Title: | Extending Stein's unbiased risk estimator to train deep denoisers with correlated pairs of noisy images |

Overall, the proposed work is interesting but the work is not clearly presented. The questions are: 1. The first experiments showed better results by eSURE than those of SURE. How is SURE trained using "twice more data"? Is it by increasing the batch size by 2? It would be good to see the results by twice batch size: 1) with two realizations of the same image; 2) different images. 2. For the second experiments with imperfect ground truth, what is the sigma in the training? The eSURE requires sigma in Eq. (10). Is that sigma_noisy in Tables 2 and 3? Does eSURE need to know sigma_gt? 3. Line 244, it seems that each network is trained for each noise level.
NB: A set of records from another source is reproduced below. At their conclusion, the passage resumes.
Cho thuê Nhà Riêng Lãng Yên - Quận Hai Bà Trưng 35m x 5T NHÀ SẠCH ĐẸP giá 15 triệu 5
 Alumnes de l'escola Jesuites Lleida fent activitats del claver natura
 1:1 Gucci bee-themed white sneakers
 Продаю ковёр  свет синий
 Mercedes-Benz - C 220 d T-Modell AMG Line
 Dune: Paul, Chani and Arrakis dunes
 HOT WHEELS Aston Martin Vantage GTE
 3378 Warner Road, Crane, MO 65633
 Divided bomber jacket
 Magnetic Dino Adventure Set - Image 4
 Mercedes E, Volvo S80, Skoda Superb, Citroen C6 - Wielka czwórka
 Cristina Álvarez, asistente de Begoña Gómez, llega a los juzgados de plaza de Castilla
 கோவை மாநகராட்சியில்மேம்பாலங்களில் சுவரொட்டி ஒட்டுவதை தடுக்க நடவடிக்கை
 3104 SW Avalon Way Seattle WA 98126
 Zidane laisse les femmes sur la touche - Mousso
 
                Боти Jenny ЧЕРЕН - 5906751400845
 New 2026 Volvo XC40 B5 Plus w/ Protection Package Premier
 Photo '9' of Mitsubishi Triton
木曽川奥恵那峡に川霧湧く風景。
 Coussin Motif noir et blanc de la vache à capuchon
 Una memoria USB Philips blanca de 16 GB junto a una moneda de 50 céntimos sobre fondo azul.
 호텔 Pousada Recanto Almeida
So 7 DnCNN-eSURE networks were trained for Table 2 or 3? This is not practical and does not make sense. Normally, sigma_gt is unknown and may vary in the same dataset. It is reasonable to see one network for all different noise levels, like that in Table 1 for blind denoising.

Summary: The authors demonstrate that SURE and Noise2Noise, two methods that allow training a denoiser without clean ground truth can be viewed in the same theoretical framework. They show theoretically that Noise2Noise is not generally applicable in cases were the noise in the two images correlated, as it is e.g. the case when training is done with ground truth created by averaging noisy images. They present a novel method (eSURE) as a solution and show that Noise2Noise is a special case of eSURE. While eSURE in general is superior to Noise2Noise in the sense that it can be applied with correlated noise, it also yields slightly better results than vanilla SURE. The method is evaluated on the standard denoising datasets and is compared to sensible baselines (Noise2Noise, vanilla SURE, and standard supervised training). Its performance is in agreement with the theory. Originality: + The paper presents a highly original theory and derives a novel training method from it. Quality: + The paper seems theoretically and technically sound. Clarity: + The paper is well structured. - The clarity of the theory might be improved by being more explicit in some explanations. e.g.: Theorem 3 would be easier to understand if it would be explicitly stated (at least this is how I read it) that y_1 could e.g. correspond to a ground truth with remaining noise and that y_2 could correspond to an input image with correlated noise. Similarly for the Eq. 7, if the vectors (y-x) and (z-x) were to be introduced mentioning explicitly what they correspond to, the theory might be easier to grasp. Significance: I believe the paper is highly significant and can further our understanding of machine learning from noisy data. The findings are fundamental and important. Final Recommendation: Considering the principled original approach and the high significance, I firmly recommend to accept the paper. ------------------------------------------ Post Rebuttal: I feel that my concerns and suggestions have been adequately addressed and I will stick with my initial rating.

This paper is well written and the contribution is clearly descibed. My main concern is whether the assumption of correlated pairs of noisy images is helpful for real-world image denoising. I expect that the authors can give us some examples and initial results to illustrate this point for real application tasks. My second concern is that the proposed method is derived based on AWGN, while the real noise may be far different from such assumption and can be both signal-dependent and spatially variant. [1] Toward convolutional blind denoising of real photographs, CVPR 2019. [2] When AWGN-based Denoiser Meets Real Noises, Arxiv 2019. It seems that the proposed method is sensitive to the paramter \epison (see Lines 202~203). Thus, it is suggested to conduct an ablation study to see the effect of \epison.